→ REQUIRED WORK:
Return the full listing character for character, without its pictures.

→ SOURCE DATA:
- - -
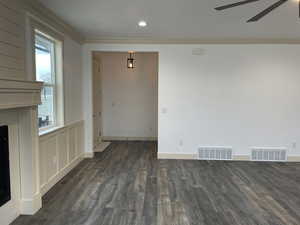Unfurnished dining area with ornamental molding, dark wood-style floors, a fireplace, recessed lighting, and a ceiling fan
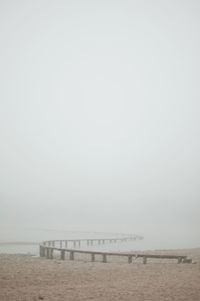 Pier over sea against clear sky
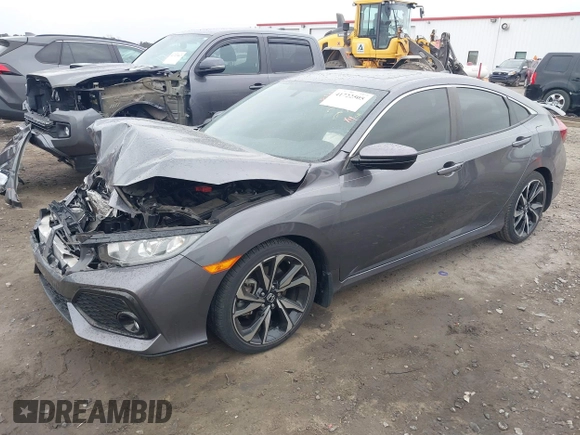 2019 Honda Civic Si z VIN 2HGFC1E52KH701117, wystawiony jako IAAI lot #41722505 z przebiegiem 64 085 mil mil oraz . Historia ofert i sprzedaży dostępna na DreamBid. Obrazek 17.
- - -
→ OUTPUT OF THE EXERCISE:
Unfurnished dining area with ornamental molding, dark wood-style floors, a fireplace, recessed lighting, and a ceiling fan
 Pier over sea against clear sky
 2019 Honda Civic Si z VIN 2HGFC1E52KH701117, wystawiony jako IAAI lot #41722505 z przebiegiem 64 085 mil mil oraz . Historia ofert i sprzedaży dostępna na DreamBid. Obrazek 17.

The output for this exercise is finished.